## Data records

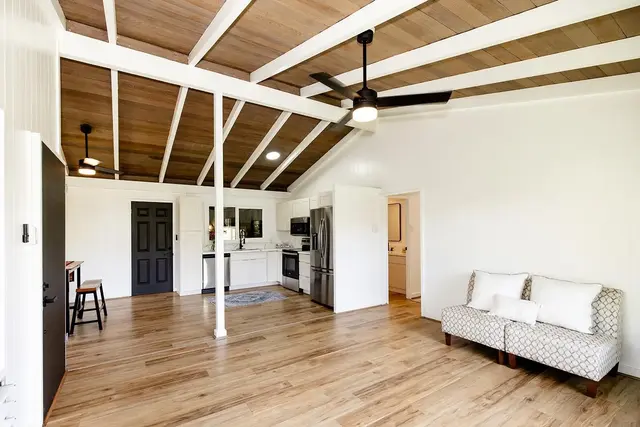 Listing Image for 1706 Haiku Rd A 11 of 34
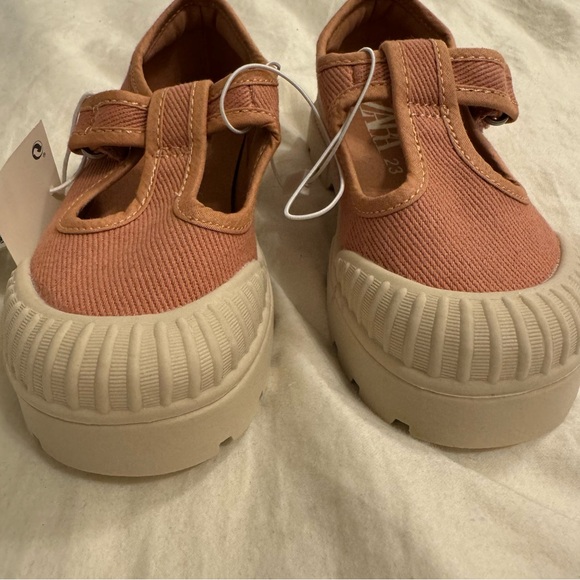 Zara Kids Dusty Pink Canvas & Rubber Shoes - Size: 23 - Picture 5 of 5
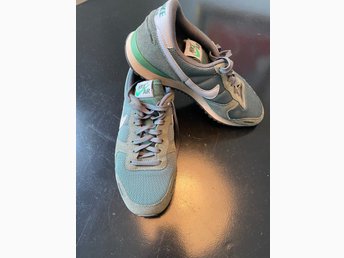 nike air vortex 41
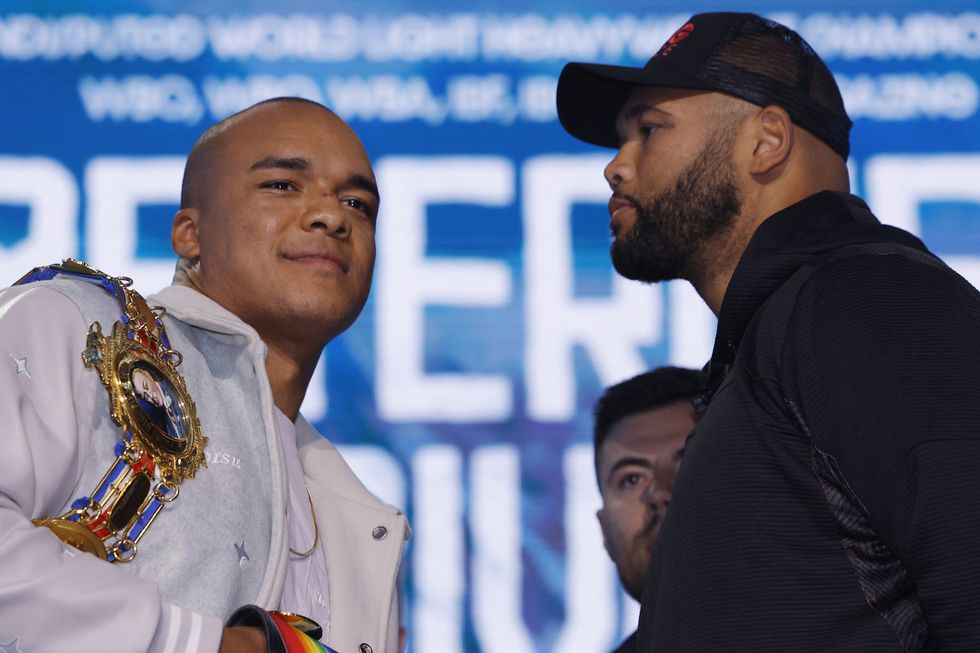 The British heavyweights competing in a rematch of their April bout that ended in a draw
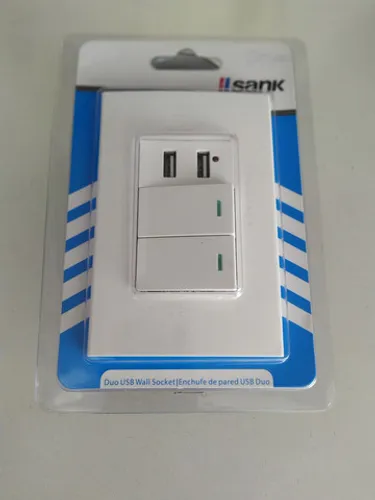 Interruptor com duplo USB e 2 plug. Novo. R$ 50,00.Whats *.. *..37799616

## Work instructions
Make an exact copy of the records, pictures excluded.

## Exercise output
 Listing Image for 1706 Haiku Rd A 11 of 34
 Zara Kids Dusty Pink Canvas & Rubber Shoes - Size: 23 - Picture 5 of 5
 nike air vortex 41
 The British heavyweights competing in a rematch of their April bout that ended in a draw
 Interruptor com duplo USB e 2 plug. Novo. R$ 50,00.Whats *.. *..37799616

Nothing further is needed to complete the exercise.